「うまい!が集う」第8回…鮫島 吉広氏
「本格焼酎を理解し、何をやれるか考えられる生徒を育て、世界の蒸留酒となるよう繋げていきたい」
-日本で初めて設立された大学での焼酎学講座(鹿児島大学)の教授に今年の10月、就任されましたが、どのような経緯だったのでしょうか?
鮫島氏:今までは大学というのは「教育と研究の場」でした。しかし今日、それに「社会貢献」を加えた『三本柱』が求められるようになりました。それと同時に、独立行政法人になった大学がいかに自校の『特色』を出すかということを考え始めた。鹿児島大学の特色は?ということで様々なところから「焼酎」という構想が浮かび上がり、去年の春から焼酎学講座を作ろうという話が出たのです。
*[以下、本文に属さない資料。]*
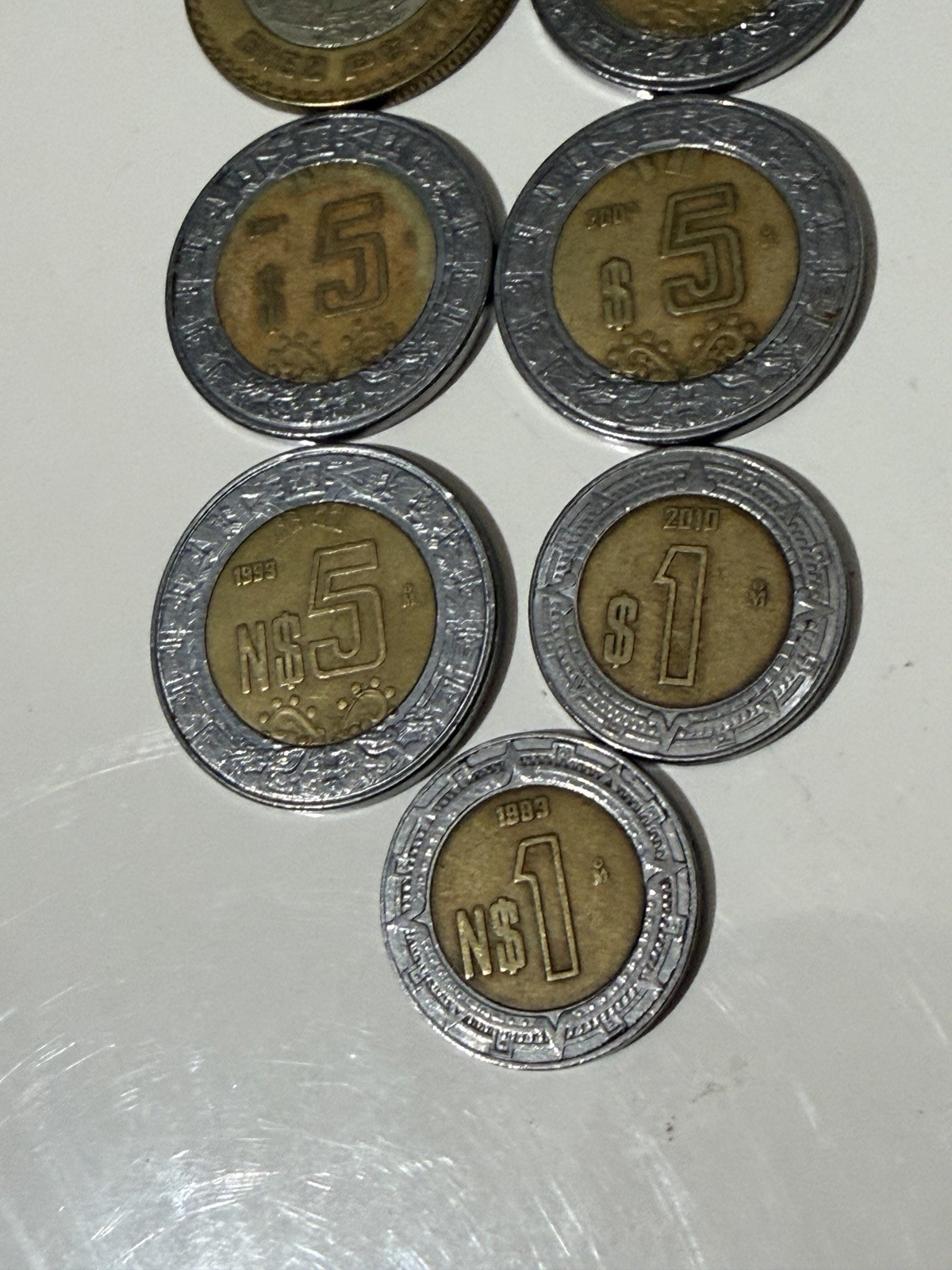 MEXICO Pesos 1 5 10 Lot Of 7 vintage Coins Mexican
-現在(10月初旬インタビュー)の状況を教えてください。
鮫島氏:来年、2007年の4月から現在の2年生である3年生に向けて授業を始めます。その後期、10月から焼酎学講座の研究室に生徒が入ってくるという予定です。学科の人数が約60名なので、10名くらいかな。今現在は講座の建物の設計や配置、設備など、それと4月からの授業のカリキュラムを検討、具体化しています。
-どのような授業をしていくつもりですか?
鮫島氏:まずは焼酎の製造技術ですが、それだけではなくて、歴史、文化、開発など焼酎全体を体系的に勉強してもらおうと思っています。今、酒業界は目まぐるしく動いています。メーカーの教育だけではどうにもならないことがあり、社会の動きと連動するためには焼酎だけではなく、幅広く他のお酒も知らなくてはならない。社会情勢や国際的な動きを広い目で見て、その中から生徒自身のやりたいテーマを見つけていって欲しいですね。もう一つは「薩摩焼酎」というブランドのイメージを確立していくようにアピール、開発して、世界の蒸留酒となるよう繋げていければと思います。
-どのような生徒を育ててゆきたいですか?
鮫島氏:WTO(世界貿易機構)やGATT(関税と貿易に関する一般協定)に日本の蒸留酒である焼酎は「酒税の大幅増税」を承諾し、多大な影響を受けたのですが、結果的には逆にそれからも焼酎は伸び続けた。例えばそういう流れを教えることで、どういう姿勢で臨んでいけば良いか、将来どういう目標をどこに置くのか、ということを考えてほしいです。焼酎の国際化ということを考えるとすると、相手の国がどのような酒を造っているかを知らないと外国向けの商品は出来ない。アジアの蒸留酒として焼酎を造っていくとすると、アジアの連携なども視野に入れることも必要になってくるかもしれない。様々なヒントがある、知識として得たものを基にして、「焼酎を理解し、何をやれるか自分で考えられる生徒」になってもらいたいですね。
プロフィール
鹿児島県加世田市出身。昭和46年京都大学農学部食品工芸科卒業後、ニッカウヰスキー(株)に入社。その後帰鹿、薩摩酒造(株)に入社し、常務取締役研究所長兼製造部長を務める。平成13年より焼酎粕処理施設サザングリーン共同組合代表理事も兼任。今年8月に薩摩酒造(株)を退社、同10月、鹿児島大学農学部焼酎学講座の教授に就任した。著書には『だれやめの肴 焼酎呑んよもやま話』『焼酎の辞典』(共著)他、論文、エッセー多数。